The NYTimes has this interesting article about New Songdo City, being built on a landfill island off of Incheon. It sounds like it could really be something and is sidestepping the usual utilitarian flair-free modern Korean development. Or it could be a globalized island sized mall insta-city ideal for multinationals to use in sidestepping the constraints of full Korean sovereignty in pursuit of Mammon. Or something in between... Could extraterritorial rights for foreigners be far behind?
"New Songdo will cost an estimated $30 billion to build, atop the $10 billion that the city of Incheon and the Korean government are spending on infrastructure projects. Every six months, $1 billion in construction is scheduled to begin. Morgan Stanley Real Estate is investing $350 million, and in November, Gale lined up $2.7 billion in financing led by Shinhan Bank....
The South Korean government has designated the area as a free economic zone, a bilingual city (Korean and English) where foreigners can own land and run schools and hospitals and where companies can get relief from Korean taxes and bureaucracy.

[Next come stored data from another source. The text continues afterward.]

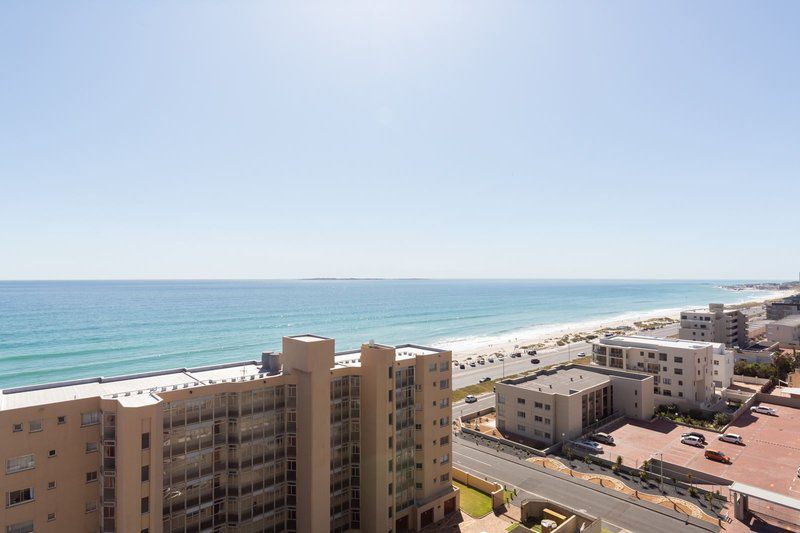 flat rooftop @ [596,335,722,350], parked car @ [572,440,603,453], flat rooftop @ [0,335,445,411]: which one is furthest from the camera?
flat rooftop @ [596,335,722,350]

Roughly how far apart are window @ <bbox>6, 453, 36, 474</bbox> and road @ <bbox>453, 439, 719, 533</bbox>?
43462 mm

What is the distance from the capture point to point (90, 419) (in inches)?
1088

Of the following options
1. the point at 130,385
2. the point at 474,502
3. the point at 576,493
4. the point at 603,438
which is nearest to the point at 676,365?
the point at 603,438

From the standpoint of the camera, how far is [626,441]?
6359 centimetres

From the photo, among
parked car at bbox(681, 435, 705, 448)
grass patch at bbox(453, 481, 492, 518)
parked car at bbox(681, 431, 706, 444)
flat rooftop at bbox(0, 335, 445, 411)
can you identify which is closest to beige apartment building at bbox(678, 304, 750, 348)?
parked car at bbox(681, 431, 706, 444)

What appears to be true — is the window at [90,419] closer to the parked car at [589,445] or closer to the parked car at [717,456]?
the parked car at [589,445]

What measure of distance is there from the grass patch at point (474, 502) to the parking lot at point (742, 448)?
2074cm

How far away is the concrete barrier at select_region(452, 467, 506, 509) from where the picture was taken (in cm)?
4634

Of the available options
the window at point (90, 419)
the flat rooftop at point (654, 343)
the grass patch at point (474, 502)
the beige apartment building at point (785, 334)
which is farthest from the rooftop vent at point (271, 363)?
the beige apartment building at point (785, 334)

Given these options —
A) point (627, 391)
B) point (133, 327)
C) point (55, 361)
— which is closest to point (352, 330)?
point (133, 327)

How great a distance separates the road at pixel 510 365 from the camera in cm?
10821

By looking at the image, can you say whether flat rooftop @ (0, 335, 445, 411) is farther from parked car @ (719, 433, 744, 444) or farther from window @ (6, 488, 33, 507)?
parked car @ (719, 433, 744, 444)

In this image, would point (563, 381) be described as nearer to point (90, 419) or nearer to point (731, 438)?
point (731, 438)

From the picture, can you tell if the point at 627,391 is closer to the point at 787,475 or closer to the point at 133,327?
the point at 787,475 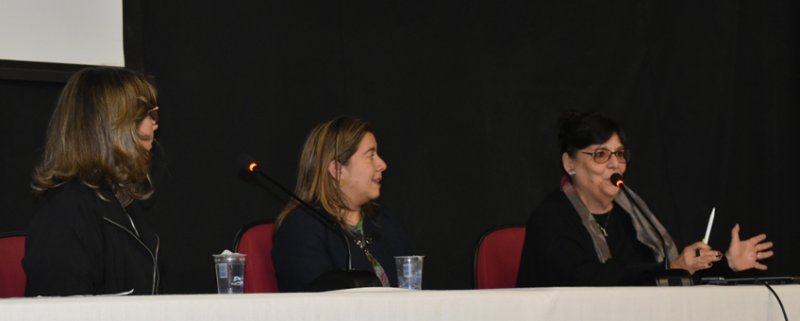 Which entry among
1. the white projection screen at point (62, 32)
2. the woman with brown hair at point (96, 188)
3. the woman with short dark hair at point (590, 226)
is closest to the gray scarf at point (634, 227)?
the woman with short dark hair at point (590, 226)

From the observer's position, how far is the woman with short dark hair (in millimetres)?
2430

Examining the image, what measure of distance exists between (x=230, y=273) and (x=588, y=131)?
4.63 feet

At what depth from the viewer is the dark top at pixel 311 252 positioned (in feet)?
7.72

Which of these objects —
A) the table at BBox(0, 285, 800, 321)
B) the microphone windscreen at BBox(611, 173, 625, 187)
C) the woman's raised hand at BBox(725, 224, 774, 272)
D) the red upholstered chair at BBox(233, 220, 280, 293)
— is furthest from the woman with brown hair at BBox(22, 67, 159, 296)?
the woman's raised hand at BBox(725, 224, 774, 272)

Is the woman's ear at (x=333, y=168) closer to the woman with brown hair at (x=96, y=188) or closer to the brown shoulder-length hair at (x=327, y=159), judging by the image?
the brown shoulder-length hair at (x=327, y=159)

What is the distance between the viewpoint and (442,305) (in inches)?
52.7

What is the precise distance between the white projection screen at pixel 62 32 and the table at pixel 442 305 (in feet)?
5.40

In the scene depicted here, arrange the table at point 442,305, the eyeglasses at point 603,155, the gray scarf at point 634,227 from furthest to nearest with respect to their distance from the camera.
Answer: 1. the eyeglasses at point 603,155
2. the gray scarf at point 634,227
3. the table at point 442,305

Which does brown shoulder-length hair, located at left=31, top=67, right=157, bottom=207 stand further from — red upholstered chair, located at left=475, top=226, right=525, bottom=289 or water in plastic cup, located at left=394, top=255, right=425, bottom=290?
red upholstered chair, located at left=475, top=226, right=525, bottom=289

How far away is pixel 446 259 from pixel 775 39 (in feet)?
6.06

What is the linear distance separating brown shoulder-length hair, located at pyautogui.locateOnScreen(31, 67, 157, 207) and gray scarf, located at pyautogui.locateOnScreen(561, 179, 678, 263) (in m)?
1.45

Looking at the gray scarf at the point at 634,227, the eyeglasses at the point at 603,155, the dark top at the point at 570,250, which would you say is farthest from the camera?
the eyeglasses at the point at 603,155

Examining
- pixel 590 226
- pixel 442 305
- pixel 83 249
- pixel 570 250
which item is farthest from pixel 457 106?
pixel 442 305

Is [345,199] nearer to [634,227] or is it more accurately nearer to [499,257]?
[499,257] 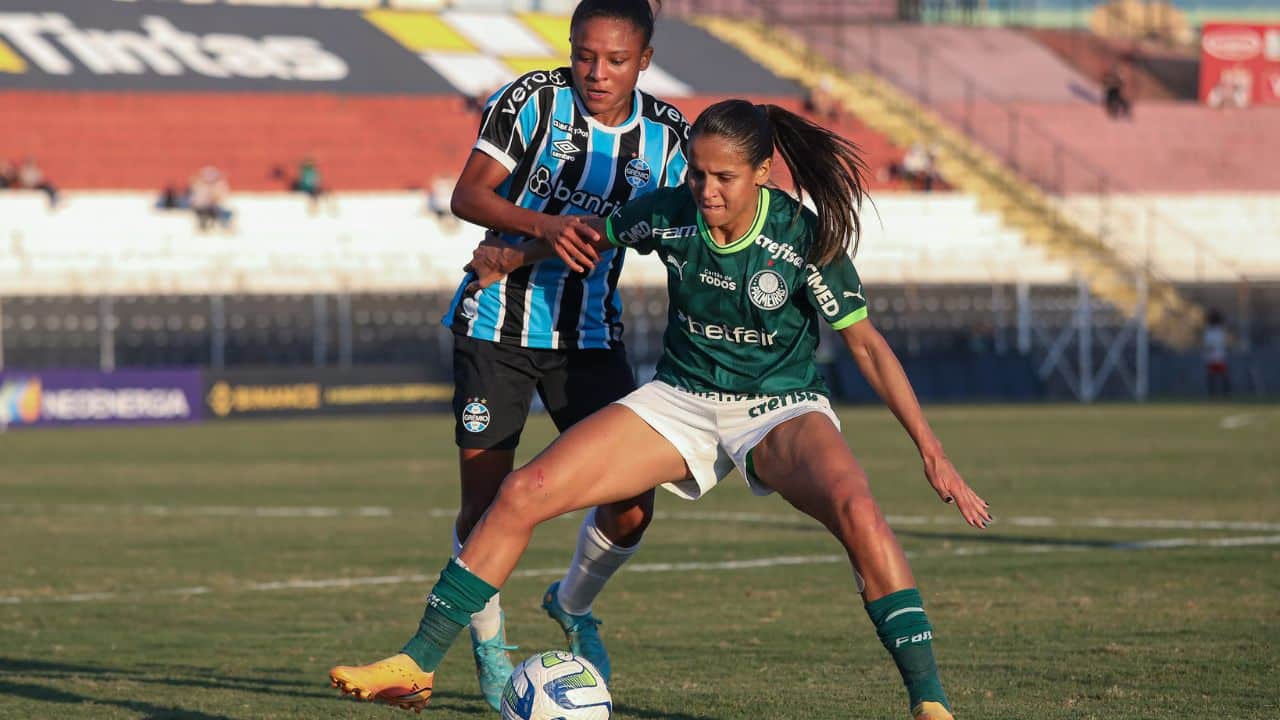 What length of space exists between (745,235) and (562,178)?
1266 millimetres

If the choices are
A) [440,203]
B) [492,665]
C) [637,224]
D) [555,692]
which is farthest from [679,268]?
[440,203]

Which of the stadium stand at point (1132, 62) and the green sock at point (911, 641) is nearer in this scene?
the green sock at point (911, 641)

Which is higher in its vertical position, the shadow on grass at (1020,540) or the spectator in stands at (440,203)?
the shadow on grass at (1020,540)

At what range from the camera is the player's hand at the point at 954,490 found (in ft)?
19.3

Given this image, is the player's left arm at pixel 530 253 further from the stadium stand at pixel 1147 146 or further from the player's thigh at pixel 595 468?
the stadium stand at pixel 1147 146

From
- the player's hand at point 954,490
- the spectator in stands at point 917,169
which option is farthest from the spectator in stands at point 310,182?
the player's hand at point 954,490

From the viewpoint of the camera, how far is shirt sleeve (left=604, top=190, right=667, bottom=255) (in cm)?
630

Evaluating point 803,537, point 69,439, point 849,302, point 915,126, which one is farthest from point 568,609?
point 915,126

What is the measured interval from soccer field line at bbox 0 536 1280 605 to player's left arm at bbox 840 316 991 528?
5227mm

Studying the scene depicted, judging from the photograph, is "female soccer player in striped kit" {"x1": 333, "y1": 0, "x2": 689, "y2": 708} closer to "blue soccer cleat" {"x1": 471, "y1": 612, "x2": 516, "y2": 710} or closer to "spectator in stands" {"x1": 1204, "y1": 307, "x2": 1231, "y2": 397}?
"blue soccer cleat" {"x1": 471, "y1": 612, "x2": 516, "y2": 710}

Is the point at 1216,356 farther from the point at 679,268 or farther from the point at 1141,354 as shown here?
the point at 679,268

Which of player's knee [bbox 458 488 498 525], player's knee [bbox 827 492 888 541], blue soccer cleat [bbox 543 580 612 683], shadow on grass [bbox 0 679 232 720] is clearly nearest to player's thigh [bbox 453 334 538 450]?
player's knee [bbox 458 488 498 525]

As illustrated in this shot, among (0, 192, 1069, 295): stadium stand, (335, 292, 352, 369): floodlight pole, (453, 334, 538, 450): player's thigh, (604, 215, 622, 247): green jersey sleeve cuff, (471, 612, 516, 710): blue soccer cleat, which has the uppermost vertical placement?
(604, 215, 622, 247): green jersey sleeve cuff

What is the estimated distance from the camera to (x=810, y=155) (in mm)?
6273
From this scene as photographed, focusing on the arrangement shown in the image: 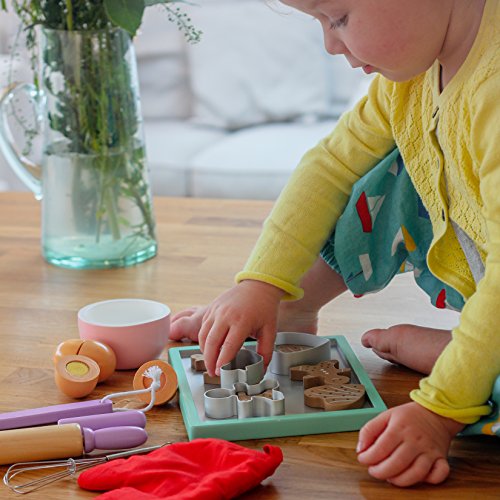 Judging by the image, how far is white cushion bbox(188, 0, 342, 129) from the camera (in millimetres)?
2891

It is also building a seven-mile bridge that will link New Songdo to Incheon International Airport, off the coast....
...Its 100-acre Central Park will be the centerpiece, with a seawater canal running through it, along with an art museum, an outdoor theater and a sculpture garden. At the park’s northern edge will be Park Avenue, a street of high-end residential buildings and hotels. Its Canal Street will be lined with shops and cafes.
A variety of architects from around the world have been commissioned to design various buildings, including a shopping center by Daniel Libeskind, a museum by the Swiss architect Peter Zumthor and a Jack Nicklaus golf course.
Some of the planners’ ideals ran up against Korean preferences, Mr. Gale and Mr. von Klemperer acknowledged. For example, Koreans typically favor large, multilane thoroughfares and large buildings on small plots of land, which don’t support a vibrant street life. A significant amount of debate among the Songdo team and Korean officials was required before the plans were completed.
Environmental considerations were also a priority. Water is recycled citywide, energy produced locally, and the Central Park is planted with low-maintenance native plants and trees, according to Mr. Gale. There will also be bicycle paths and pedestrian areas, and 40 percent of the city is reserved for parks and green space, he said."